→ **Exercise details**: The required output is an exact copy of the lines from the one containing "Modern living area" through the end of the entries below, with pictures removed.

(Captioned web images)

□ □ □ □ □ □ □

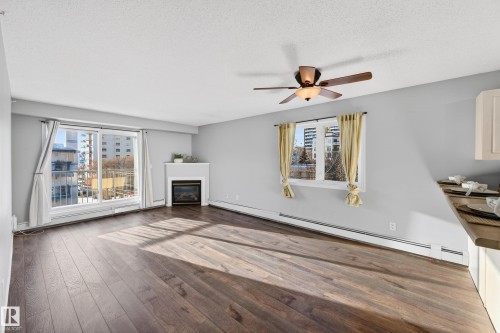 418 10403 98 Avenue, Edmonton, AB - Indoor Photo Showing Living Room With Fireplace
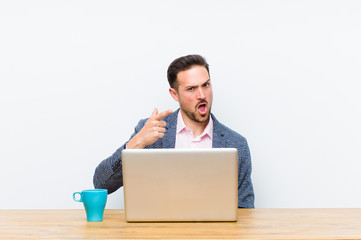 young handsome businessman pointing at camera with an angry aggressive expression looking like a...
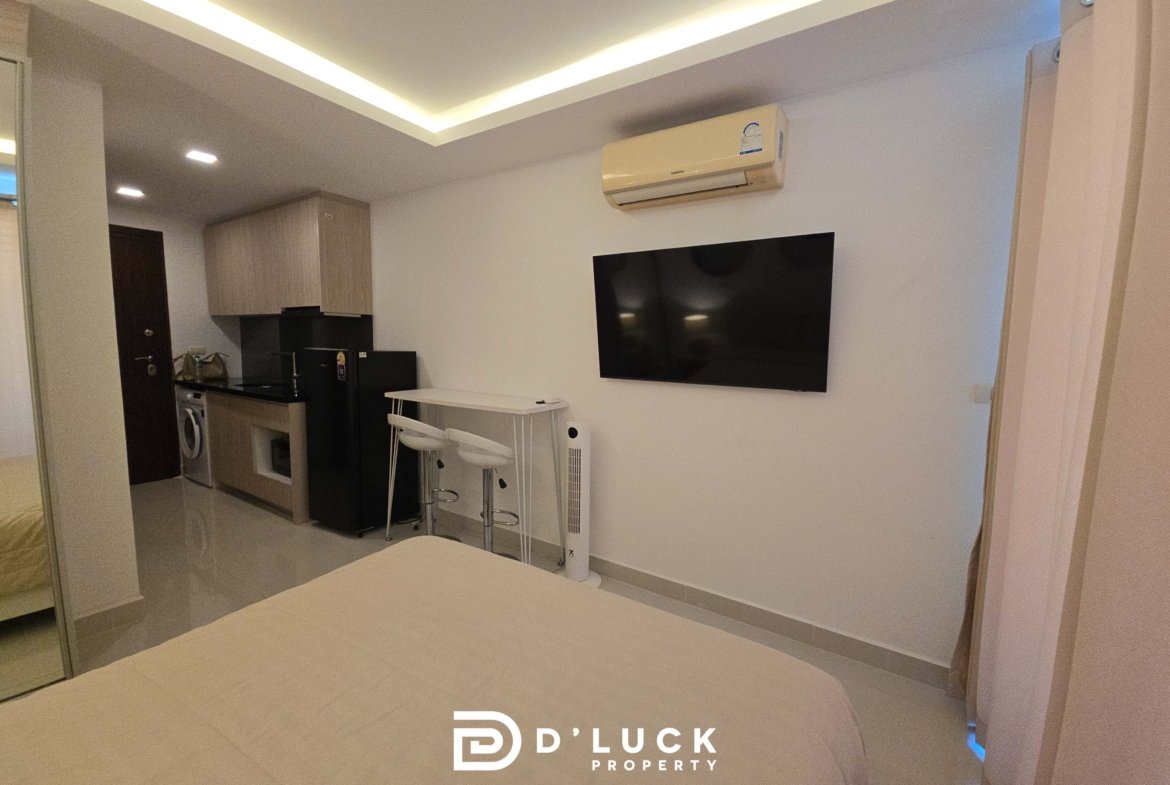 Modern living area with wall-mounted TV, ceiling LED coves, and a compact kitchen featuring light wood cabinets and a black countertop.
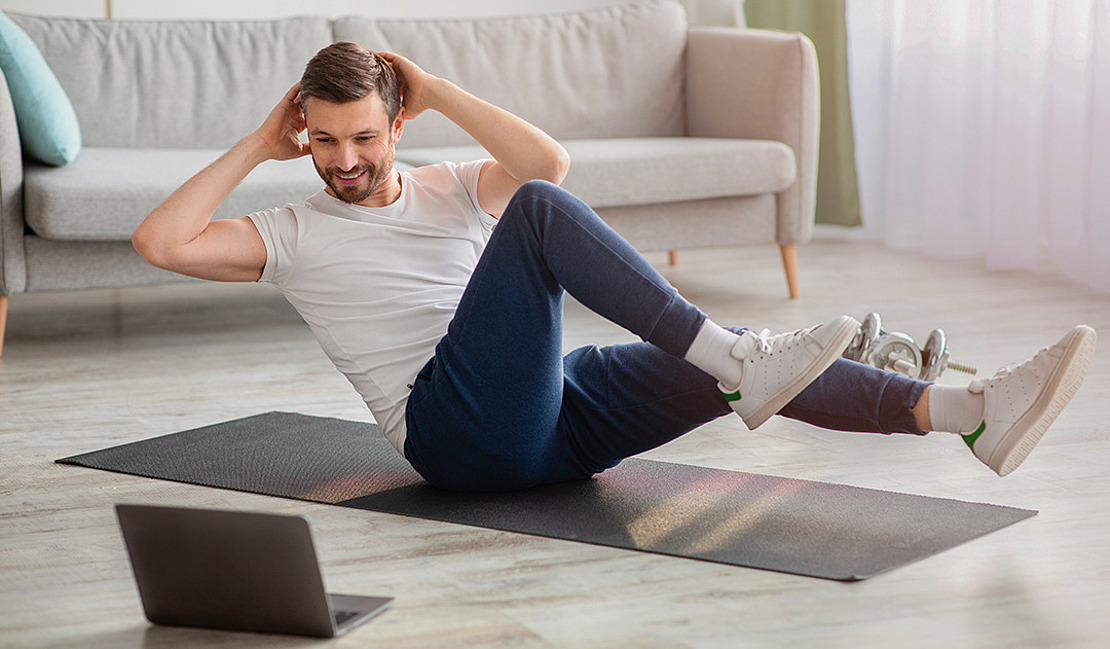 Ein Mann trainiert zu Hause auf einer Yogamatte und macht ein Workout auf seinem Laptop. Er macht einen Bicycle Crunch und trägt ein weißes T-Shirt, blaue Hosen und weiße Turnschuhe. In der Nähe liegen Hanteln auf dem Boden und im Hintergrund steht ein Sofa.
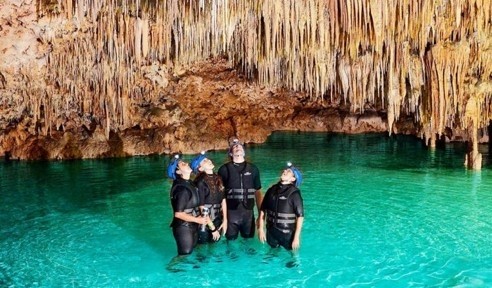 People standing in water in a cave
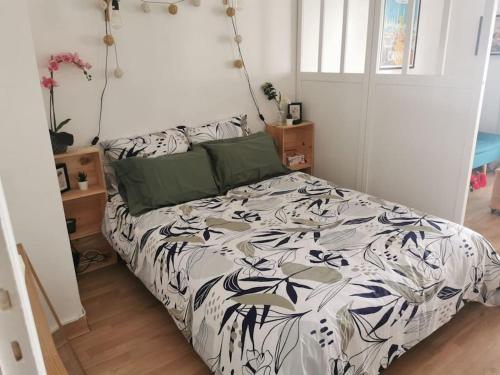 戛纳Cannes Isola Bella entre mer et montagne的一间卧室配有一张带黑白色棉被的床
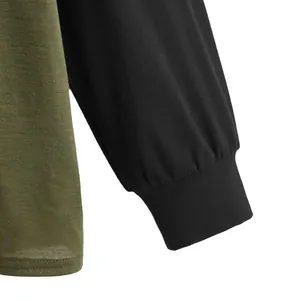 Close-up of black ribbed cuff and olive green jersey fabric on a casual long sleeve top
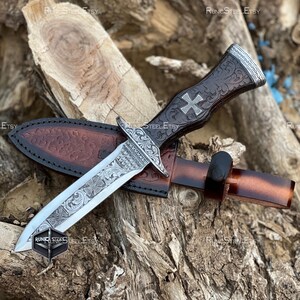 Peut inclure: Un poignard d&eacute;coratif avec une lame argent&eacute;e et un manche en cuir marron orn&eacute; d'une croix. Le poignard est dans un &eacute;tui en cuir marron. La lame et le manche pr&eacute;sentent des motifs grav&eacute;s complexes. Le poignard repose sur une surface en bois.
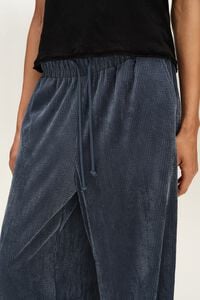 Dark blue fluid corduroy jogger trousers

□ □ □ □ □ □ □

→ **Expected answer**:
 Modern living area with wall-mounted TV, ceiling LED coves, and a compact kitchen featuring light wood cabinets and a black countertop.
 Ein Mann trainiert zu Hause auf einer Yogamatte und macht ein Workout auf seinem Laptop. Er macht einen Bicycle Crunch und trägt ein weißes T-Shirt, blaue Hosen und weiße Turnschuhe. In der Nähe liegen Hanteln auf dem Boden und im Hintergrund steht ein Sofa.
 People standing in water in a cave
 戛纳Cannes Isola Bella entre mer et montagne的一间卧室配有一张带黑白色棉被的床
 Close-up of black ribbed cuff and olive green jersey fabric on a casual long sleeve top
 Peut inclure: Un poignard d&eacute;coratif avec une lame argent&eacute;e et un manche en cuir marron orn&eacute; d'une croix. Le poignard est dans un &eacute;tui en cuir marron. La lame et le manche pr&eacute;sentent des motifs grav&eacute;s complexes. Le poignard repose sur une surface en bois.
 Dark blue fluid corduroy jogger trousers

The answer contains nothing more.